Image-text web data:
_ _ _ _

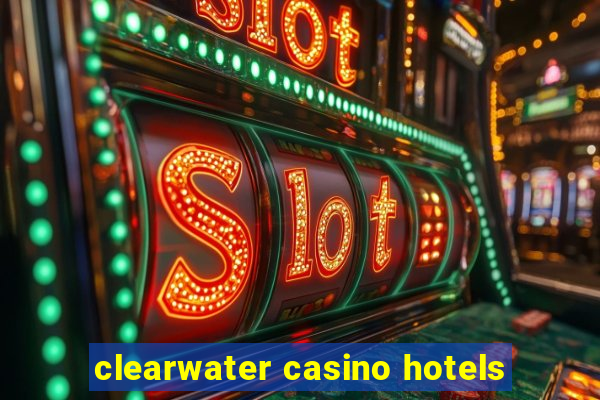 clearwater casino hotels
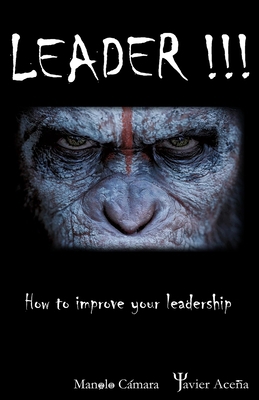 Leader!!!: How to improve your Leadership B0DGLBPCL8 Book Cover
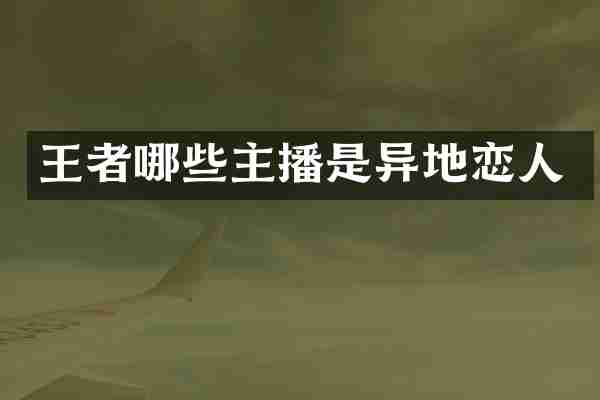 王者哪些主播是异地恋人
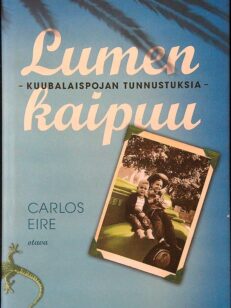 Lumen kaipuu – kuubalaispojan tunnustuksia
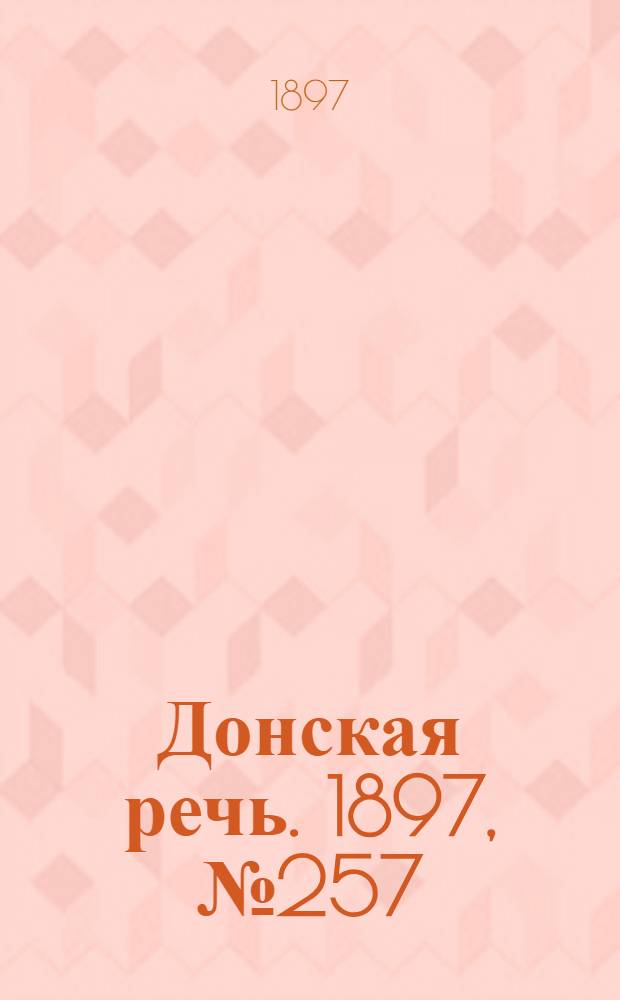 Донская речь. 1897, №257 (21 нояб.) : 1897, №257 (21 нояб.)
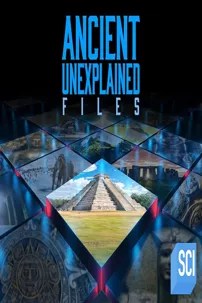 watch-Ancient Unexplained Files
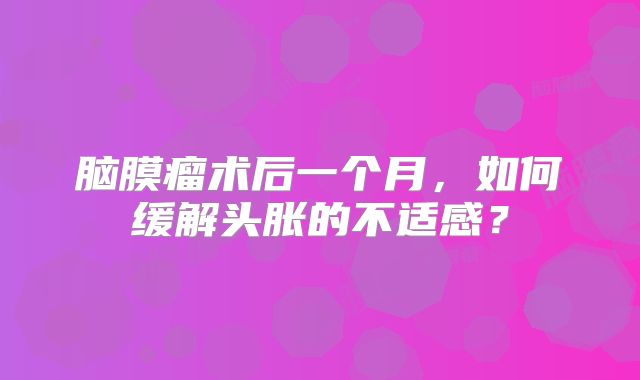 脑膜瘤术后一个月，如何缓解头胀的不适感？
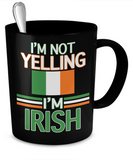 I'm Not Yelling - I'm Irish Mug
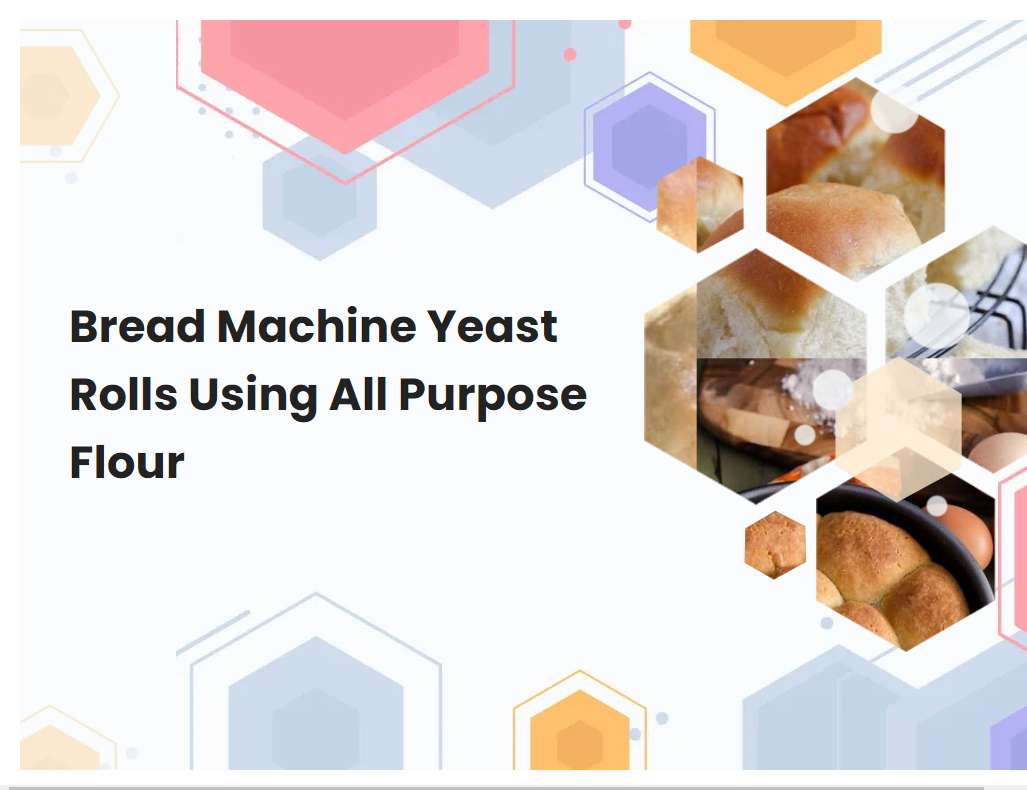Bread Machine Yeast Rolls Using All Purpose Flour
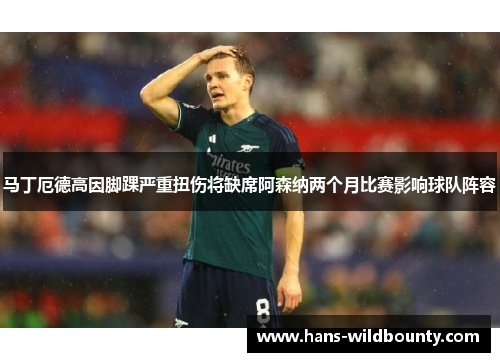 马丁厄德高因脚踝严重扭伤将缺席阿森纳两个月比赛影响球队阵容 马丁厄德高因脚踝严重扭伤将缺席阿森纳两个月比赛影响球队阵容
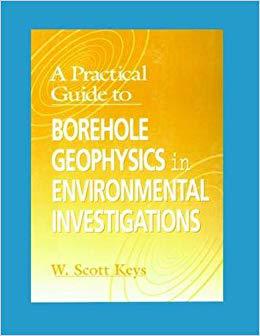 【预售】A Practical Guide to Borehole Geophysics in Environmental Investigations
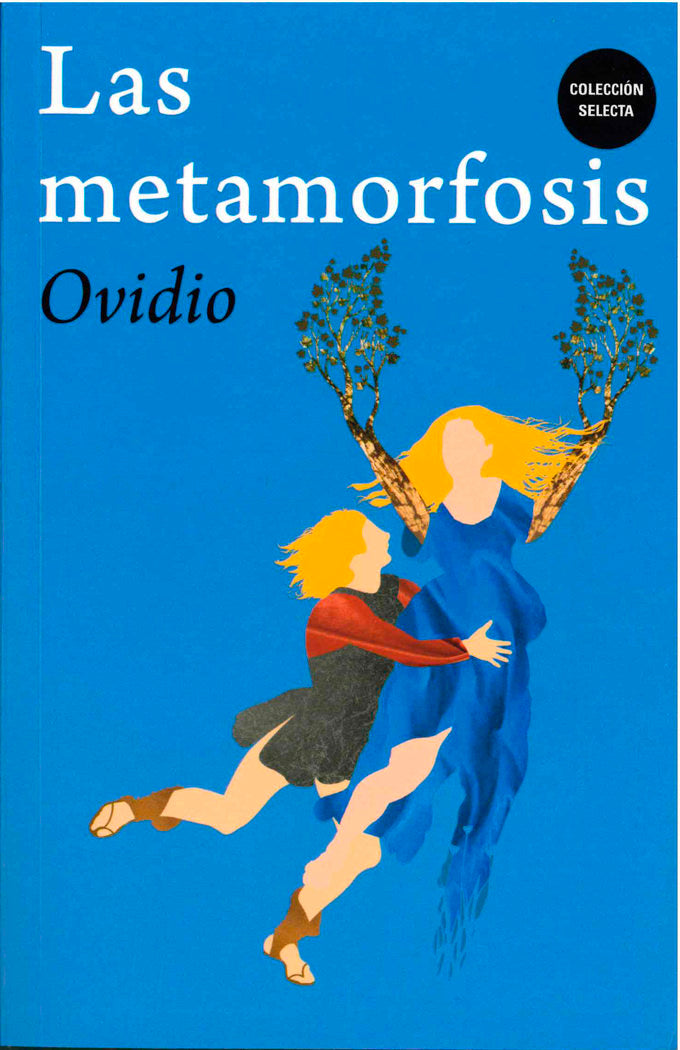 METAMORFOSIS,LA, de OVIDIO | portada del libro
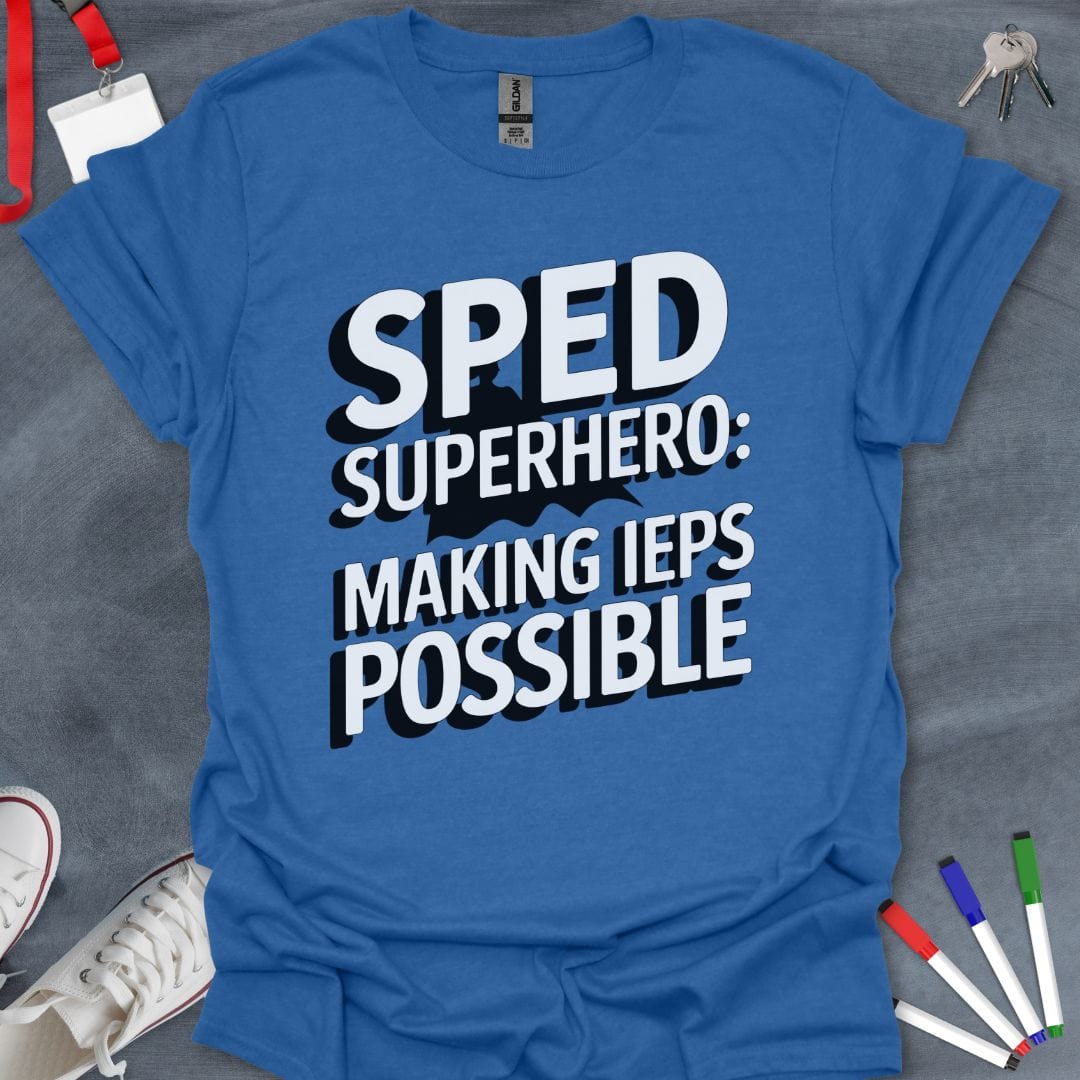 Teacher T-Shirt Heather Royal / S SPED Superhero IEPs T-Shirt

_ _ _ _

Output the records above as they stand, from the first line to the line with "in Environmental Investigations", inclusive, and exclude the pictures.

 clearwater casino hotels
 Leader!!!: How to improve your Leadership B0DGLBPCL8 Book Cover
 王者哪些主播是异地恋人
 Lumen kaipuu – kuubalaispojan tunnustuksia
 Донская речь. 1897, №257 (21 нояб.) : 1897, №257 (21 нояб.)
 watch-Ancient Unexplained Files
 脑膜瘤术后一个月，如何缓解头胀的不适感？
 I'm Not Yelling - I'm Irish Mug
Bread Machine Yeast Rolls Using All Purpose Flour
 马丁厄德高因脚踝严重扭伤将缺席阿森纳两个月比赛影响球队阵容 马丁厄德高因脚踝严重扭伤将缺席阿森纳两个月比赛影响球队阵容
 【预售】A Practical Guide to Borehole Geophysics in Environmental Investigations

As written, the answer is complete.